At the end of 1997 I was thirty-two, living in Richmond, Virginia and in a relationship that was approaching its third anniversary. My boyfriend and I were happy enough, I thought. We shared a rented house, cooked meals; accumulated electronics, bad art and two dogs. Then one day I realized I wasn’t happy at all. But there we were: living together with a pair of dachshunds circling our feet. The break-up was my decision. As we were in the process of moving into separate places, my now ex-boyfriend said he didn’t think the dogs should be wrenched apart just because I’d decided to wreck everyone’s life. He wanted to keep them both.
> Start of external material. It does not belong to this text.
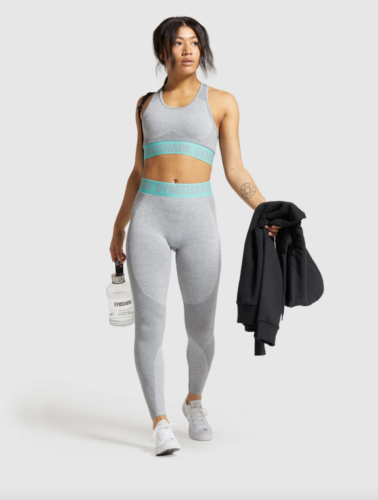 Gymshark sports bra and tights workout set in grey with torquoise trim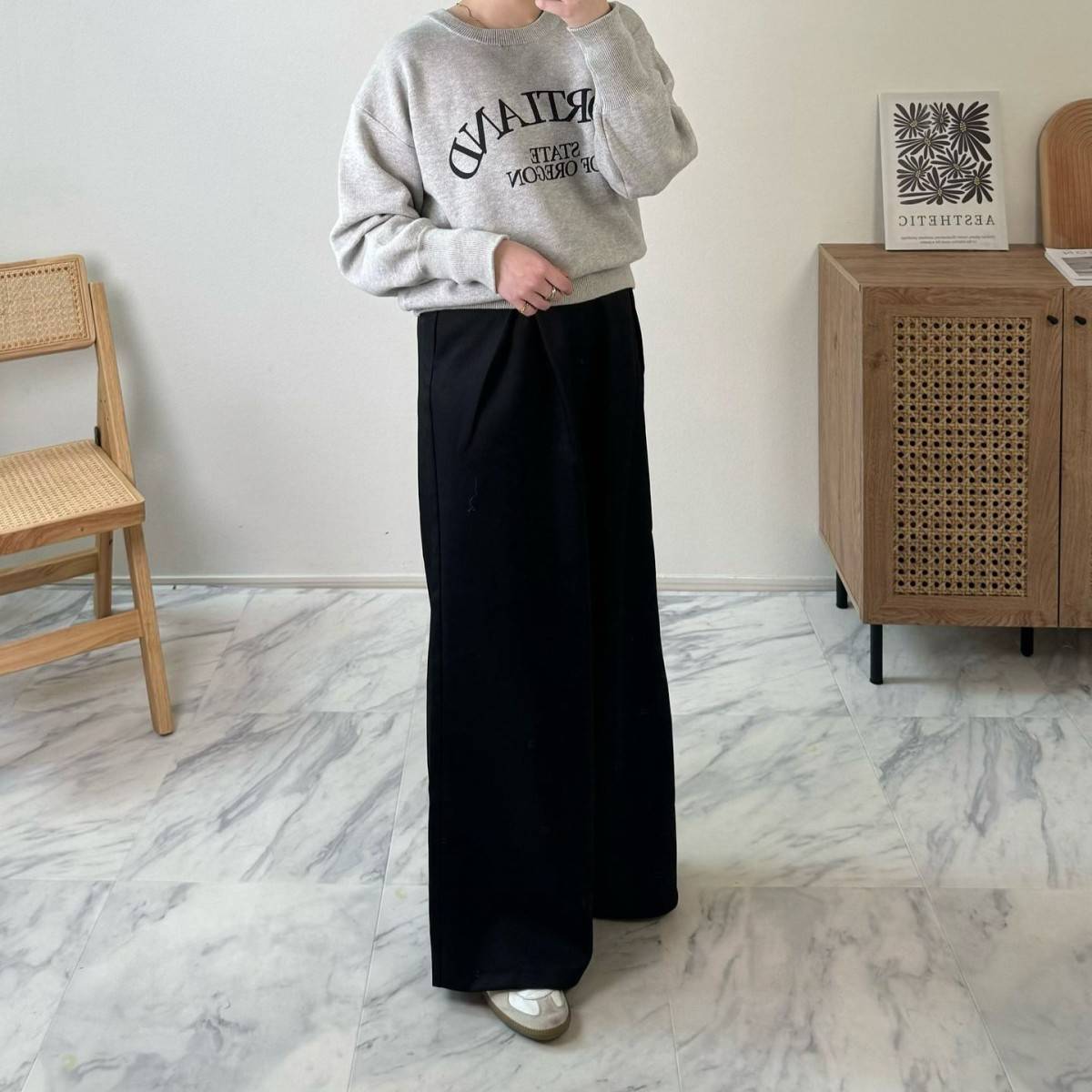 グレーのスウェットに黒パンツを合わせた女性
I knew he was hurt and angry, but I also knew that the dogs were very attached to each other (they spent every waking and sleeping hour together, cleaned each other’s ears, stared into each other’s eyes with gummy affection). After much hand-wringing, I consented, stipulating that I wanted to see the dogs on a regular basis, maybe take them every second or third weekend. I wanted visitation rights.
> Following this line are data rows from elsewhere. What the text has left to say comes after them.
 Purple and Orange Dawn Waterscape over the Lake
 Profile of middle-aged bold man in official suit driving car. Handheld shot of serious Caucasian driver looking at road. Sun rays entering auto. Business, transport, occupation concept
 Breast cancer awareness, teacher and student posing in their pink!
A week later, my ex called and said we needed to meet. He claimed to have some papers for me to sign that would assure his being able to get the dogs proper veterinary care in the event of an emergency.
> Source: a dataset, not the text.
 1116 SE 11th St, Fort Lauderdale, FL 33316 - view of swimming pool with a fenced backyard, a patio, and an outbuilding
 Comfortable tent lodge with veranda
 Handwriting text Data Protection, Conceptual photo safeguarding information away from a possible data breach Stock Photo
Something was afoot, I knew. What vet would refuse to treat an animal because the paperwork wasn’t in order? But I felt too horrible about instigating the break-up to say no. I also felt exhausted. I hadn’t been sleeping much, was weepy at the drop of a hat, was antsy and eager for this segment of my life to be over. I told my ex I would meet him on my way to work but that I wasn’t up for another argument, not today. I was about to start a double shift at the bar, about to embark on a nine-hour conversation with strangers, wherein everyone yammered and I had to listen and keep a stupid grin plastered on my face while I poured drinks and cut lemons.